• _EXERCISE DATA_
++++++++
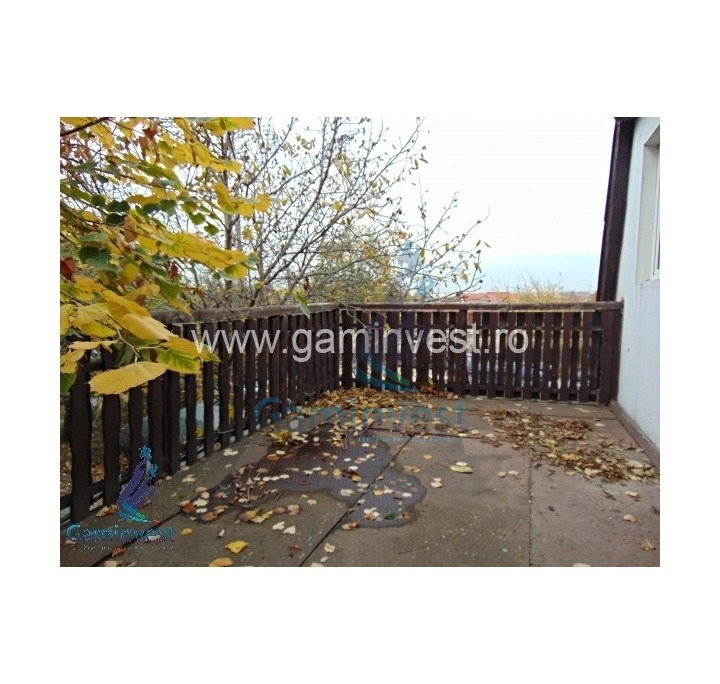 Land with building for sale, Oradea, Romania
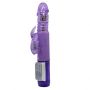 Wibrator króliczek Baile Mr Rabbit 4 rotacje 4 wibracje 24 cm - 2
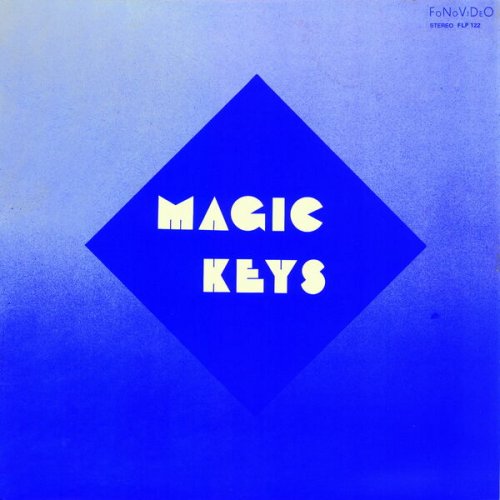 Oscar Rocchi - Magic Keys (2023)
++++++++
• _DIRECTIONS FOR THIS TASK_
Give back the full data exactly as it reads, but drop the pictures.

• _WORKED SOLUTION_
 Land with building for sale, Oradea, Romania
 Wibrator króliczek Baile Mr Rabbit 4 rotacje 4 wibracje 24 cm - 2
 Oscar Rocchi - Magic Keys (2023)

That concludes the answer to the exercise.